Ah yes, Georges Melies. I keep encountering him, this odd little Frenchie/genius. The other night (I still have a hangover from it), Turner Classics had a special on him. Sixteen short films. Sixteen. Ay-ay-ay. These are hallucinatory otherworlds, the strangest things I've ever seen.

He started in France, a hotbed of early film, around 1896, when the medium was so new it was mostly seen as a form of amusement, a toy. No one saw the potential in it. An accomplished magician and visual artist extraordinaire, Melies began to film some of his more potent stunts. Audiences loved it: and to this day, more than 110 years later, they still ask themselves, "How did he do that?"

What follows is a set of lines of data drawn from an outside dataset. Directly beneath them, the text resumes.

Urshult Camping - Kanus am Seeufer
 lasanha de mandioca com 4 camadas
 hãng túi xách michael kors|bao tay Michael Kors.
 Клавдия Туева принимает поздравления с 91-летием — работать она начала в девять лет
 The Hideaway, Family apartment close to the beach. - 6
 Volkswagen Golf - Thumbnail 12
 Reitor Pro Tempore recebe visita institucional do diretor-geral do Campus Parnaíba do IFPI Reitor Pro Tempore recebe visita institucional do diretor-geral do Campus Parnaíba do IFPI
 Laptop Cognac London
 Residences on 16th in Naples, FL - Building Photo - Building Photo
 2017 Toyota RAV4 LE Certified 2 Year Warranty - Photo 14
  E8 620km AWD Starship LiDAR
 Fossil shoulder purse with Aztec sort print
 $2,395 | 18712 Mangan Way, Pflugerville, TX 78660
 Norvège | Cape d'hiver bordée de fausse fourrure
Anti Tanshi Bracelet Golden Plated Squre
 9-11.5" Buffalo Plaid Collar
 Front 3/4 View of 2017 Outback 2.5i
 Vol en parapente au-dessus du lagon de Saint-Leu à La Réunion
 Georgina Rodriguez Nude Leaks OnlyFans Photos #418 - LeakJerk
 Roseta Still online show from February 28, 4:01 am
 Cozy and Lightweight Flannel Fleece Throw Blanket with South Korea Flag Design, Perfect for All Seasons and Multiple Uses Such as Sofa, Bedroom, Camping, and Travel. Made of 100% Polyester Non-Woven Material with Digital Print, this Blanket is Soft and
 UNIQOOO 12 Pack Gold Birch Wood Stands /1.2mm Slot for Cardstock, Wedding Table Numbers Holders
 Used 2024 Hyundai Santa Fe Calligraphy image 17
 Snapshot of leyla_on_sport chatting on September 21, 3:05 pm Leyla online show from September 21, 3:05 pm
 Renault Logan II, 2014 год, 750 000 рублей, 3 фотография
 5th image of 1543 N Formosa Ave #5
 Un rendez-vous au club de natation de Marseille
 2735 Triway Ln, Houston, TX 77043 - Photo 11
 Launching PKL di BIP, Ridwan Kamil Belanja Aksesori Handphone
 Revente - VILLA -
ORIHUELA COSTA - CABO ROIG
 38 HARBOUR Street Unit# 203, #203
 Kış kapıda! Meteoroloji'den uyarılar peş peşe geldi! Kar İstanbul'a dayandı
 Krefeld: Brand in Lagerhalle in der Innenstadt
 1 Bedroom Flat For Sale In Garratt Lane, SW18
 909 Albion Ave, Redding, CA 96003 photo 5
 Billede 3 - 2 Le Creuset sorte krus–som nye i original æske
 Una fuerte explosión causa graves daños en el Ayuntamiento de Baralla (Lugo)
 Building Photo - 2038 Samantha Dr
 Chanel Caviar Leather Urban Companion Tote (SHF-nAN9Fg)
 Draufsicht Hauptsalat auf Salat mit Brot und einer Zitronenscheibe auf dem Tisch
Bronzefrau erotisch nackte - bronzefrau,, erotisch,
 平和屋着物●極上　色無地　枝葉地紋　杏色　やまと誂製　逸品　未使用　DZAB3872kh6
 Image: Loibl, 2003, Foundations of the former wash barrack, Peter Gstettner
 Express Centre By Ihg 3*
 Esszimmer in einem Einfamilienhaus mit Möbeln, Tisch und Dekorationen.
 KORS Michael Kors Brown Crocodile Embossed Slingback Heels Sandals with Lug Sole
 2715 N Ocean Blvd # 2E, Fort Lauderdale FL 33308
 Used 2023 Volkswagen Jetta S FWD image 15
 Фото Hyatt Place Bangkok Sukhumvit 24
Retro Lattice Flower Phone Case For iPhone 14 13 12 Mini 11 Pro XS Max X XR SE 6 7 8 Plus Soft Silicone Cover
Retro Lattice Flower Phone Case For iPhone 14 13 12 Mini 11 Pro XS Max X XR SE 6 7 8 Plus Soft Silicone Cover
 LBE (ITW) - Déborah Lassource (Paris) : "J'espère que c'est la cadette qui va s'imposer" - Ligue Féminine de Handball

This weird and funny business with the heads, technically remarkable for its day, was made (incredibly) in 1898, back when a sneeze or an unromantic kiss was considered filmworthy. The unbelievable split-exposure film in his one-man band was later ripped off by no less a personage than Buster Keaton, who was credited with inventing it. Much, much later, Oscar Levant tried the same thing in An American in Paris. Ho, hum.

The Melies experience last night wasn't entirely pleasant. Those early, quick, magical stunts were fun, though filmed in a static manner, with one camera in long shot pointing at a stage. (Please forgive the horrible cropping and truncated music in this clip: it wasn't me.) This seemed to indicate that Melies' imagination sometimes ran ahead of his skills as a cinematographer/director, so that he never attained the revered status of a Fritz Lang or a Murnau.

As his films evolved, florid sets made of cardboard and papier-mache seethed and quivered visibly in the background. Leaping devils (a Melies favorite) appeared and disappeared, and lovely maidens in white gauze tiptoed in and out (or flew through the air in a way which seems to explain the inspired lunacy of Monty Python's Terry Gilliam. I don't know how much Melies Gilliam watched, but maybe he was infected with the same moonstruck folly.)

Or folie. These little weirdies had little or no discernable plot, to the point that a man with a French accent thicker than mayonnaise had to narrate the incomprehensible action. While we listened to his bizarre Clousea-esque pronunciation, with the em-PHA-sis on the wrong syl-LA-ble, we (or I) became more and more disoriented. Things were blowing up. People were winking out, or jumping out of things. Man went to the moon in a giant bullet, landing in the eye of a nasty-looking guy with white icing all over his face.

I didn't last the full sixteen films, but kept fast-forwarding my PVR recording, skipping over some florid hand-colored things in which the color wavered and strobed like some sort of acid-inspired hallucination.

Obviously, this fellow colored outside the lines of reality.

I don't know a lot about Melies, and right now I'm too exhausted to find out. Robert Osborne, who must be very ill because he is 50 pounds lighter and could barely speak, told us something I had already read somewhere.

Most of Melies' 500-or-so films were destroyed, and for a very practical reason. His studio went bankrupt in 1913 (for Melies had lost his audience, too baffled to sit through all that escalating strangeness), and his movies were stashed away, only to be confiscated by the French government when World War I broke out.

His films were made of celluloid (or -lose, can't remember which), a substance that had real value to the army: they were melted down to make boot heels for the soldiers. So all those men, dying in the trenches and singing "inky binky polly voo" (just kidding - that was the Americans) were literally walking all over him.

A sad and ignominious end for a unique and very strange artist, who seemed to want to do Spielberg-esque effects with cardboard and smoke bombs. But these two little gems are enjoyable and, in true Melies style, a little bit creepy.

And no, I don't know how he did that.